Le Collectif publie 22 demandes suite à la Consultation nationale des aidant.e.s

En ces temps de grands débats nationaux, Le Collectif Je t’Aide a choisi de porter la parole des aidant.e.s, pour qu’elle.il.s ne soient plus la dernière des préoccupations des politiques publiques.

Le Collectif Je t’Aide est constitué de 15 structures, très diverses, en taille, en répartition géographique, en publics touchés, qui s’associent pour porter ensemble la voix des aidant.e.s. Nous organisons chaque année la mobilisation de la Journée Nationale des Aidant.e.s et le Prix Initiatives Aidant.e.s. Nous agissons, avec des actions de plaidoyer, auprès des médias, des élus, des entreprises.

Ce travail de consultation a été mené grâce à un questionnaire dématérialisé, envoyé via les canaux de communication de tout le Collectif, pendant une période de 3 semaines, en amont de l’événement de restitution et de partage. 270 répondant.e.s ont contribué avec des témoignages détaillés et des demandes spécifiques. Les thèmes sur lesquels les aidant.e.s étaient interrogés reprenaient ceux du Grand Débat National.
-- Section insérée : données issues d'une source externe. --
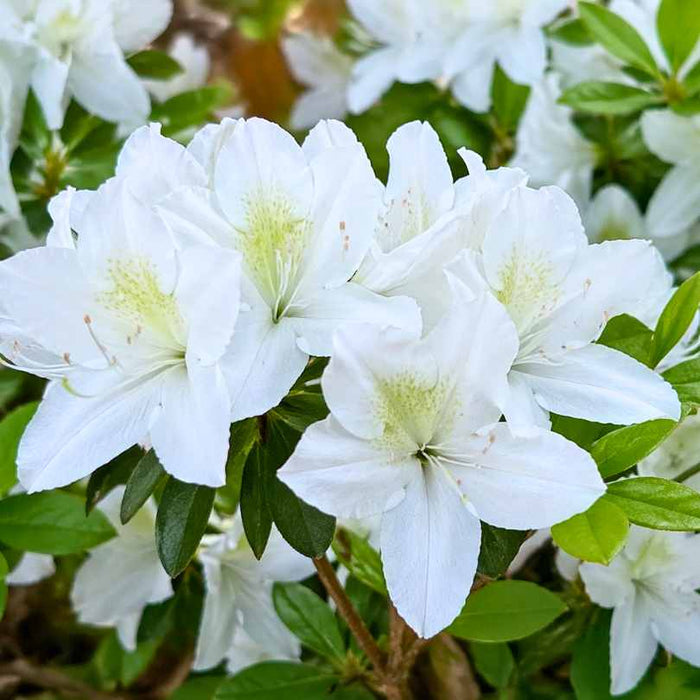 The Azalea - Delaware Valley White - 3 gallon by Pick-Up & Local Delivery Only features white trumpet-shaped blooms with light green centers and dark green leaves, creating an elegant, low-maintenance addition to any garden.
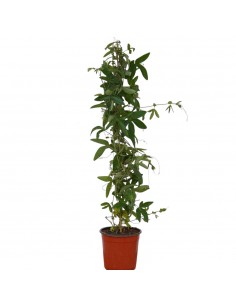 Pianta Passiflora Caerulea...
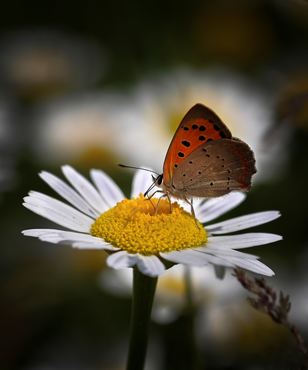 Lycaena phlaeas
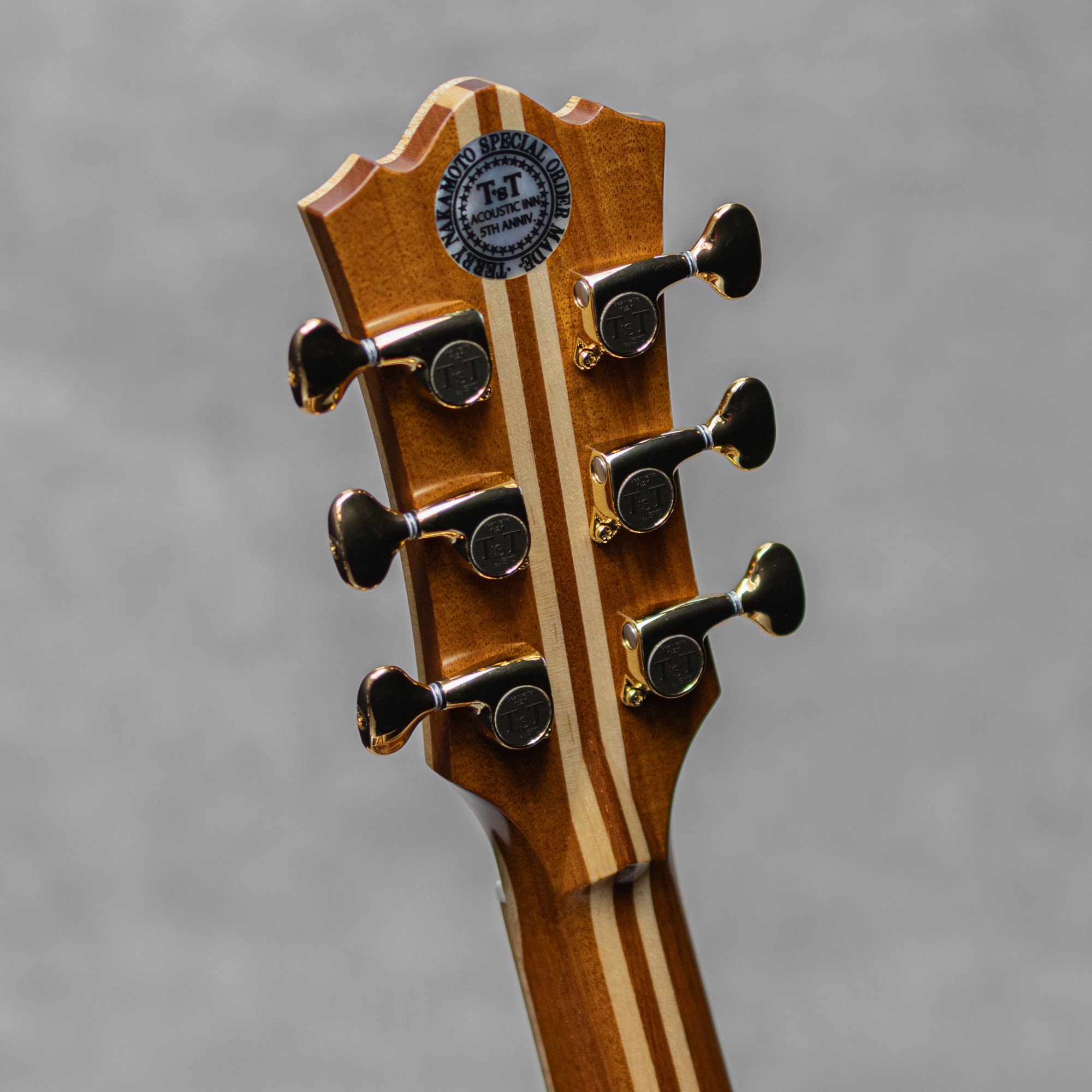 PTJ-100MR Acoustic INN 5th Anniv. Sitka Spruce /Madagascar Rosewood / 2023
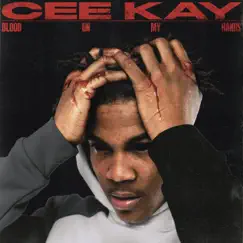 Blood On My Hands by Cee Kay album reviews, ratings, credits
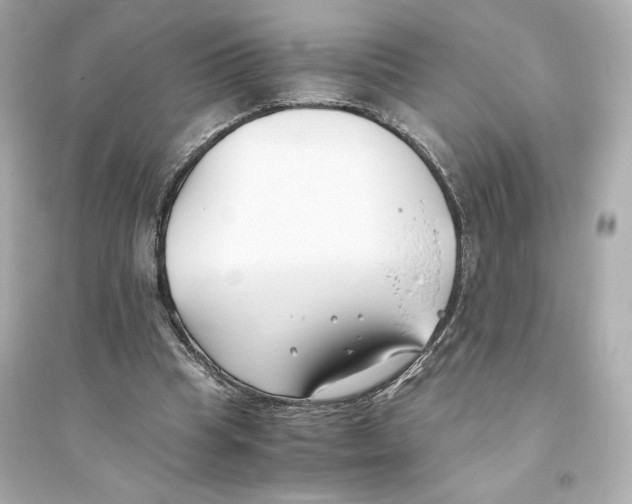X0000093570345200711121042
La rencontre du 12 mars 2019 a rassemblé des aidant.e.s, des experts, des professionnels, des collectivités, des élu.e.s, afin de transformer les résultats d’une consultation publique et nationale menée auprès des aidant.e.s. Les centaines de témoignages reçus ont été synthétisés en une série de demandes concrètes, qui seront directement intégrées dans nos actions de plaidoyer. Afin que la reconnaissance des aidant.e.s progresse, afin que leurs droits progressent, cette synthèse et ces demandes seront transmises aux ministères concernés.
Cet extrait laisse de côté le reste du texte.